[Image-text web data]
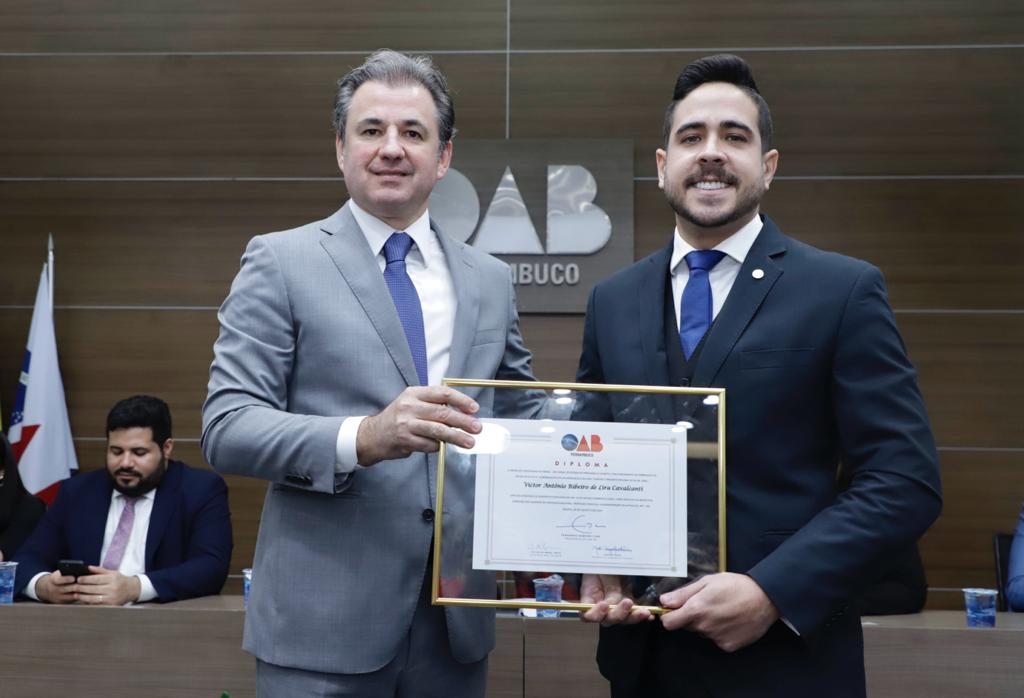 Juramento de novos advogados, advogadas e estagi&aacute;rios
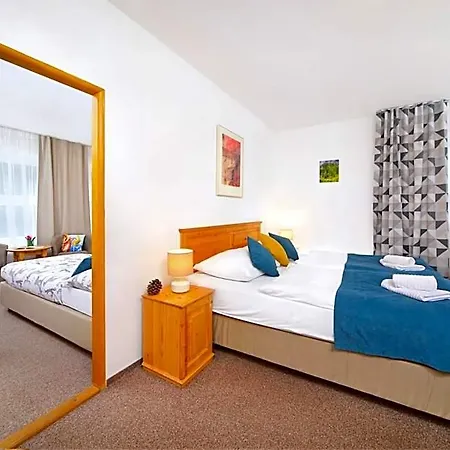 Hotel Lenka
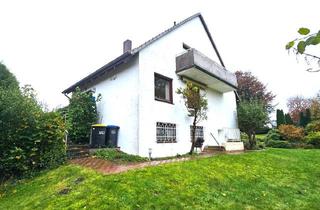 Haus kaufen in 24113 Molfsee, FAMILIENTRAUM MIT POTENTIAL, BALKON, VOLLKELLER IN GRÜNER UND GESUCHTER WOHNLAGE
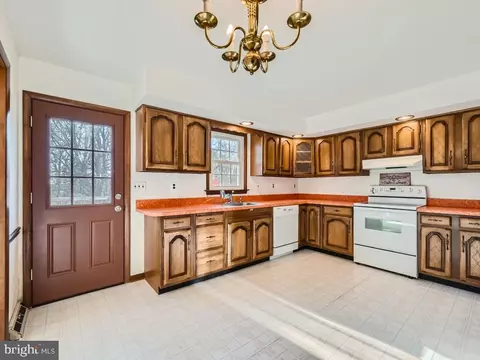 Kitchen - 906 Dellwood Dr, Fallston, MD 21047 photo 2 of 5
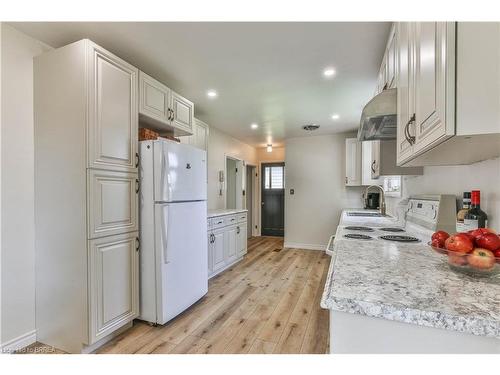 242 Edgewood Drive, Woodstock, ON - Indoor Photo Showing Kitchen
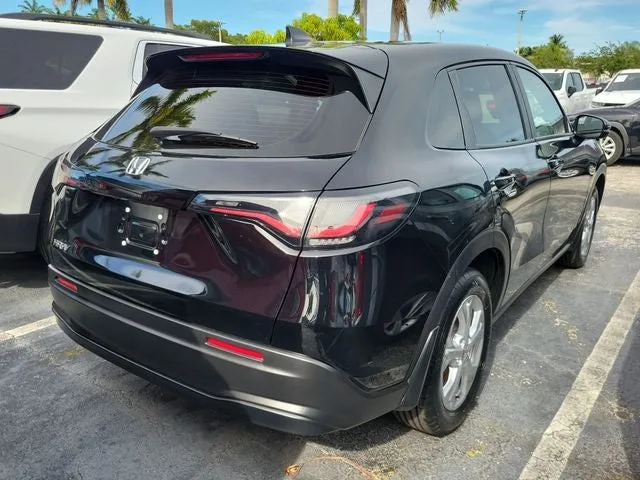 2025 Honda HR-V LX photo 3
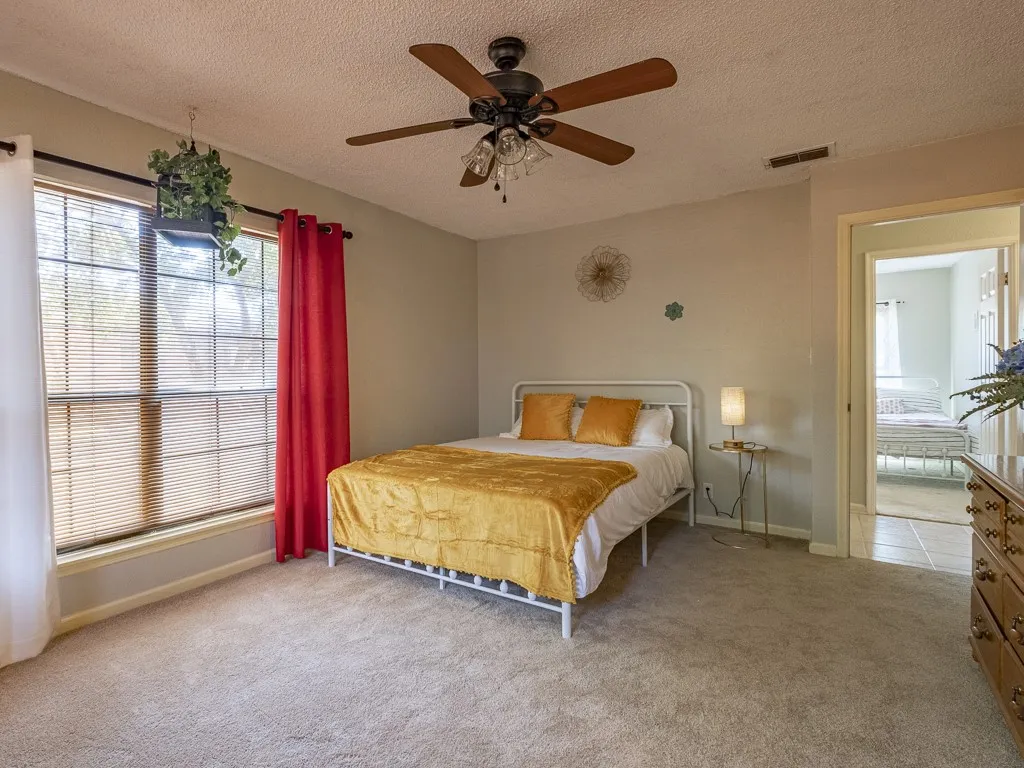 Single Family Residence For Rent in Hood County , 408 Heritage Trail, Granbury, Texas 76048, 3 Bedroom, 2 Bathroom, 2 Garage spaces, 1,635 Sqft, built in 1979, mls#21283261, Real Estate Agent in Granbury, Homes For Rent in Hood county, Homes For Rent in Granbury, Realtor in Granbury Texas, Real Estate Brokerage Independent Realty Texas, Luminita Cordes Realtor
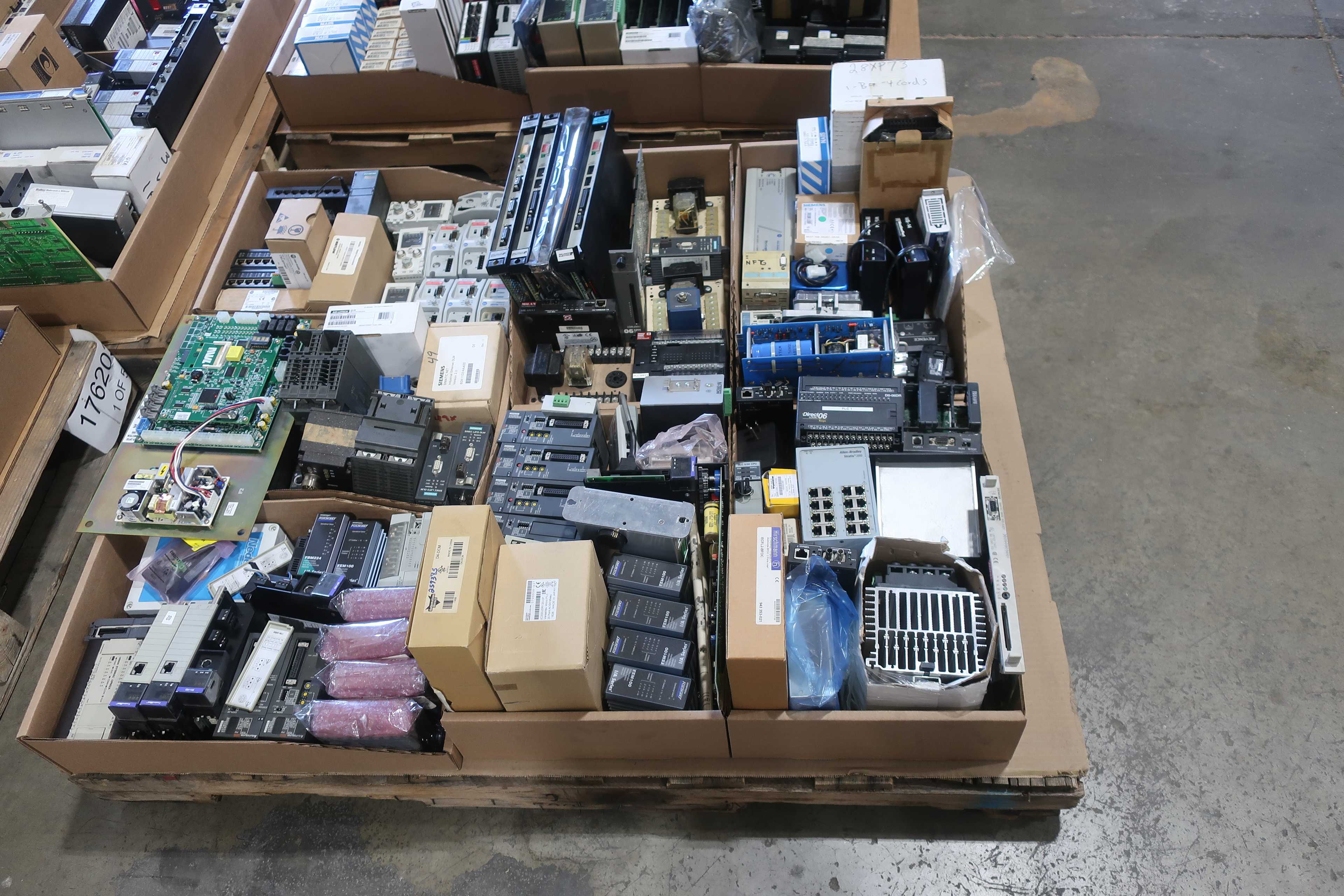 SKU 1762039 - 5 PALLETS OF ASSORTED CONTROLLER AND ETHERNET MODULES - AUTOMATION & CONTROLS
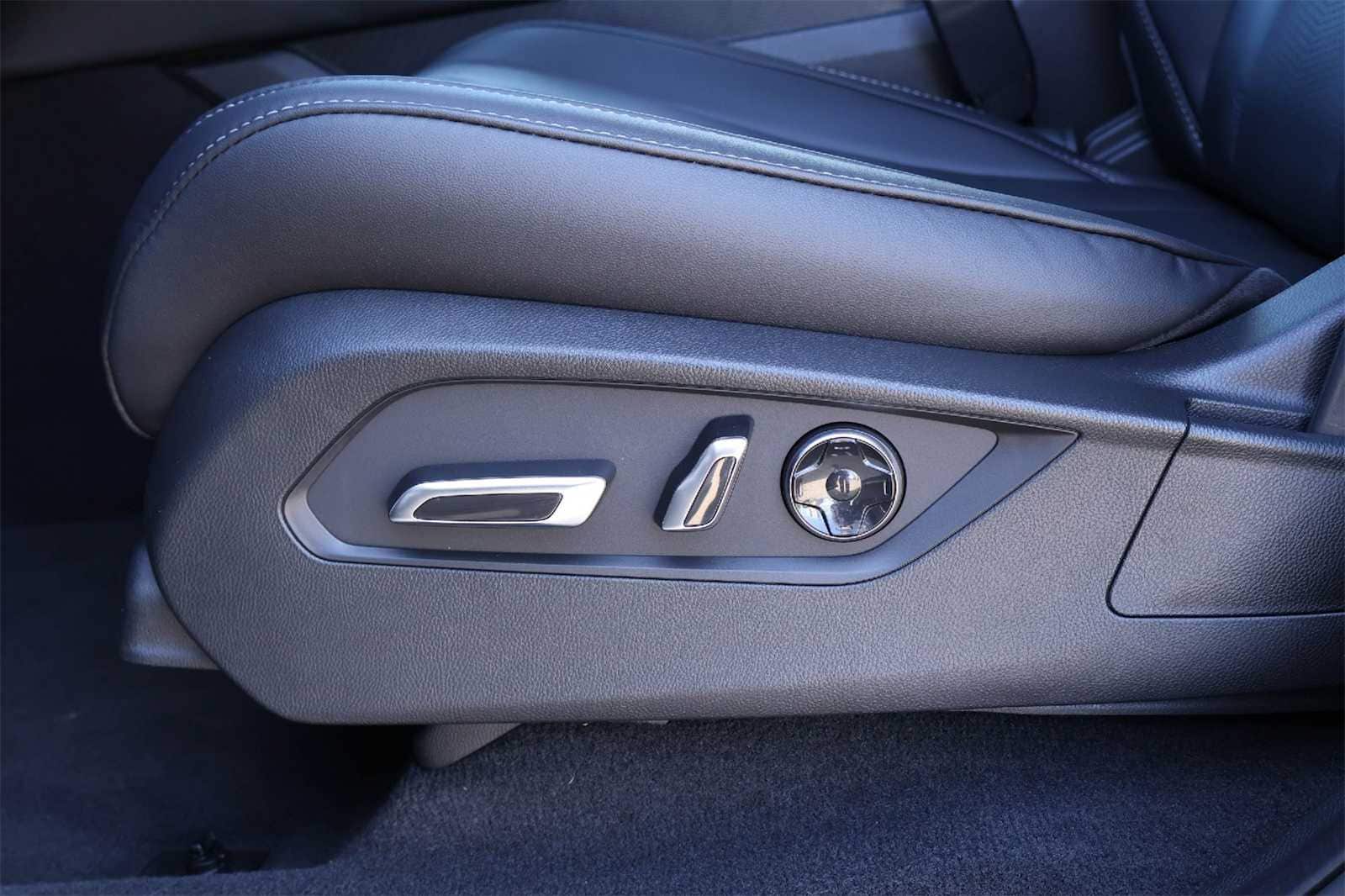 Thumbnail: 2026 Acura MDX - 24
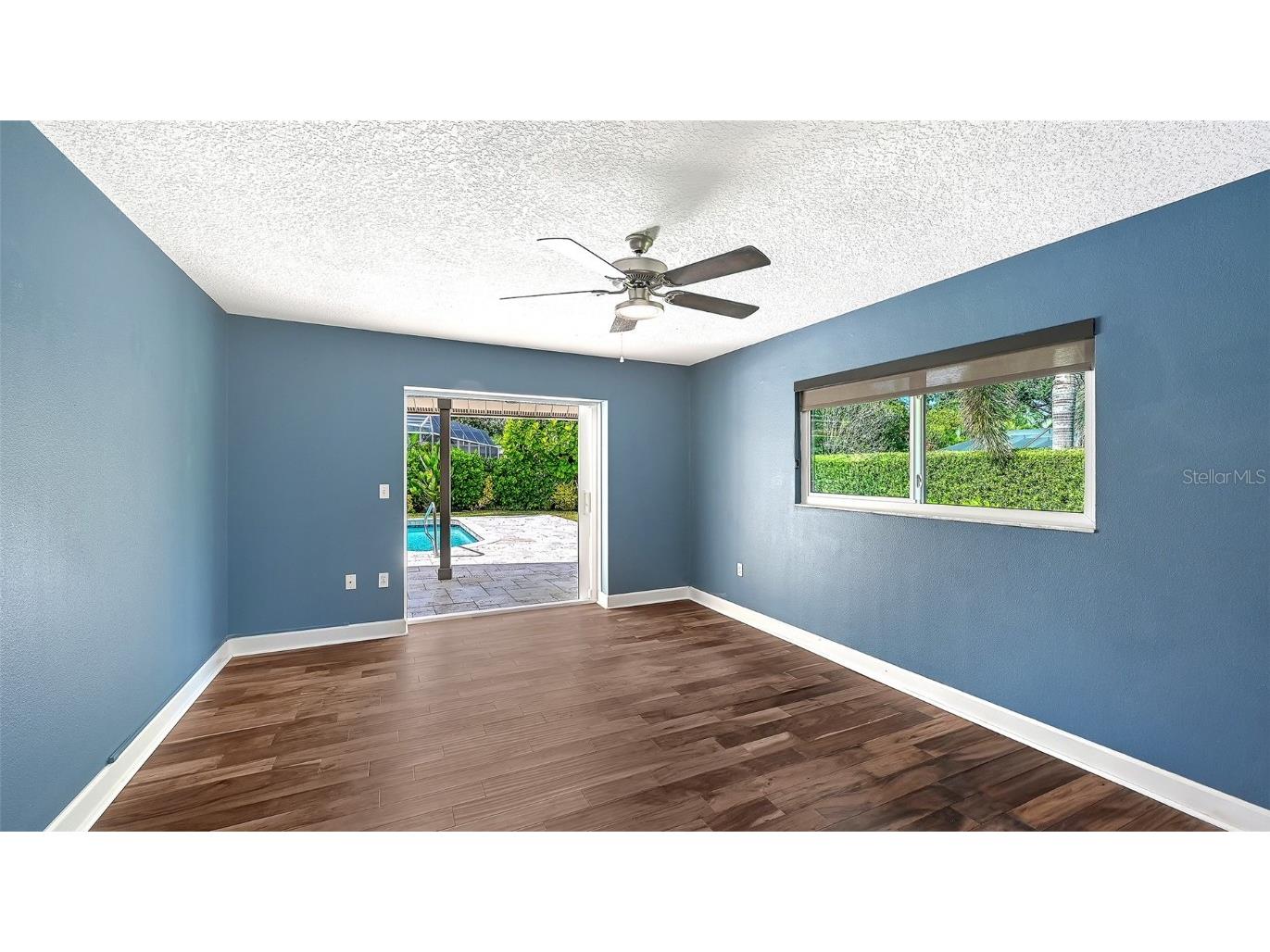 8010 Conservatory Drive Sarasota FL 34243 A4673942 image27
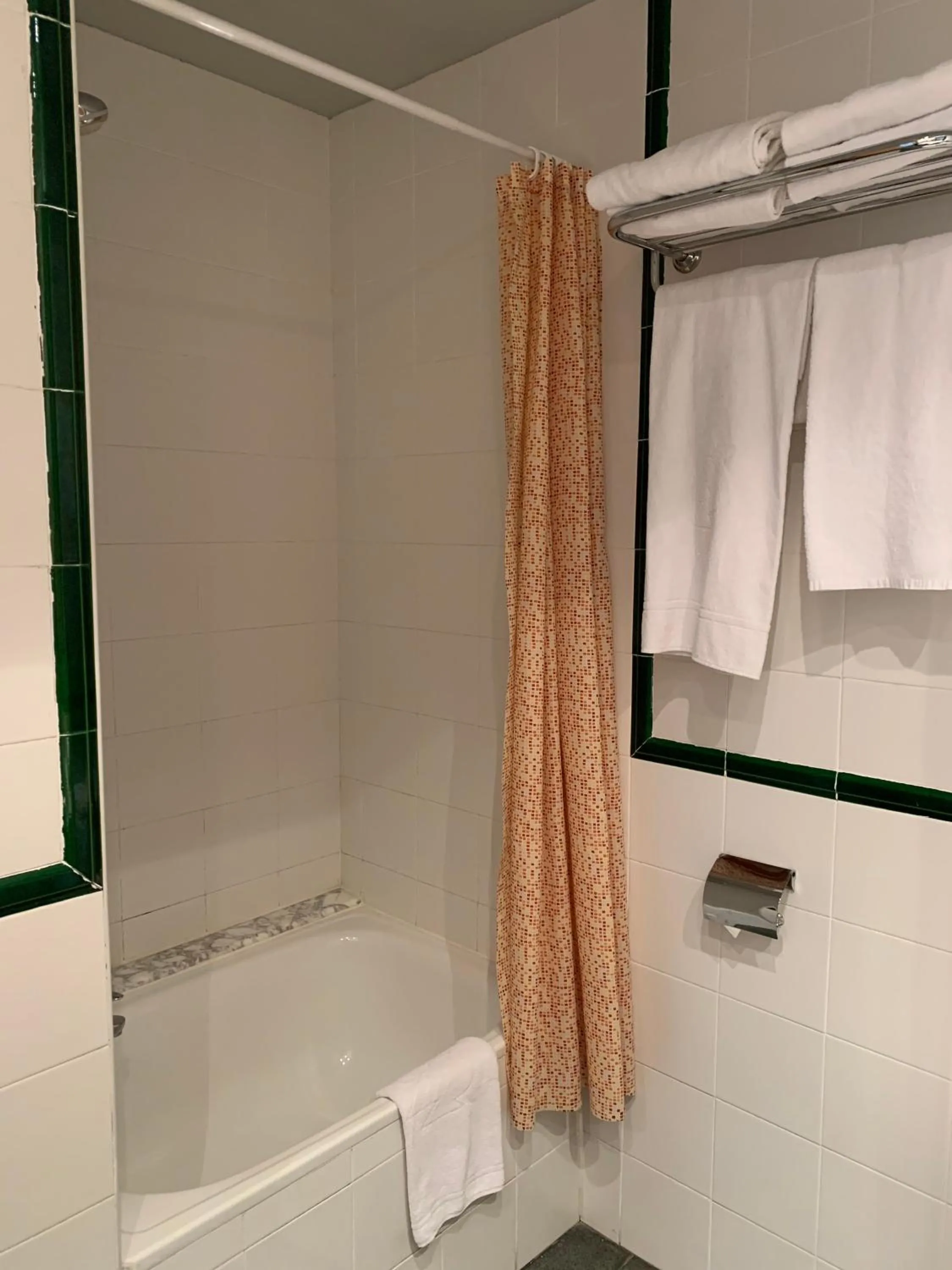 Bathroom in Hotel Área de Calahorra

## Aim of the task
From the data above, return exactly the lines from the one with "242 Edgewood Drive, Woodstock, ON" up to and including the one with "2025 Honda HR-V LX photo 3". Pictures do not go in the copy.

## Response to this task
 242 Edgewood Drive, Woodstock, ON - Indoor Photo Showing Kitchen
 2025 Honda HR-V LX photo 3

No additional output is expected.